### Task statement:
I'd like the entire listing output verbatim, apart from the pictures.

### Data:
[Start of section]
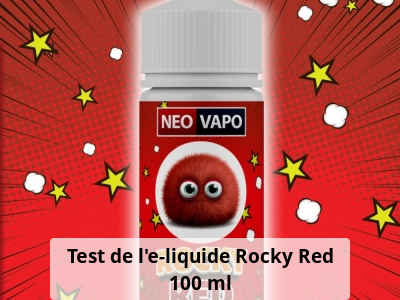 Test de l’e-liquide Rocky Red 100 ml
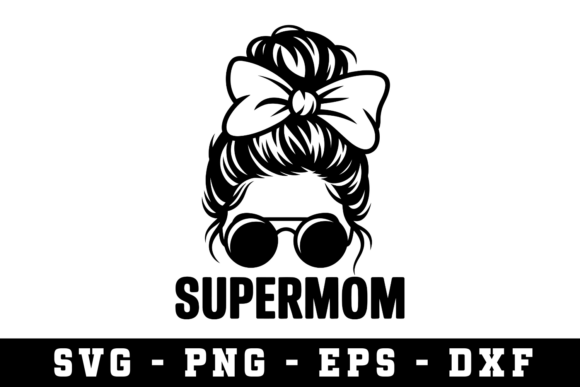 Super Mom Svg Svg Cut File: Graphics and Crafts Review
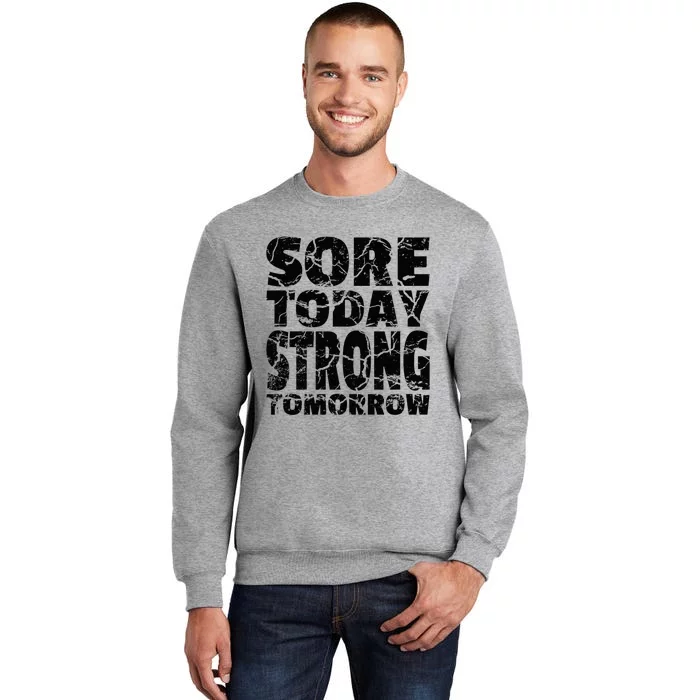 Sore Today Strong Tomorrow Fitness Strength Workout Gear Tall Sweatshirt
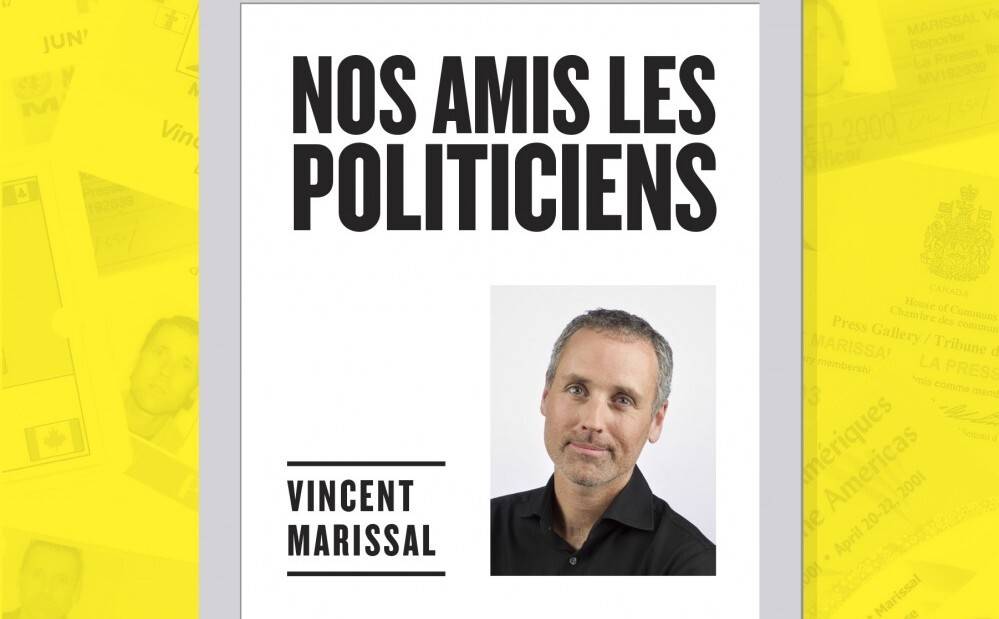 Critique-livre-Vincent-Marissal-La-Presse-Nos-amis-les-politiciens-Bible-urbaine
[End of section]
### Response to the task:
 Test de l’e-liquide Rocky Red 100 ml
 Super Mom Svg Svg Cut File: Graphics and Crafts Review
 Sore Today Strong Tomorrow Fitness Strength Workout Gear Tall Sweatshirt
 Critique-livre-Vincent-Marissal-La-Presse-Nos-amis-les-politiciens-Bible-urbaine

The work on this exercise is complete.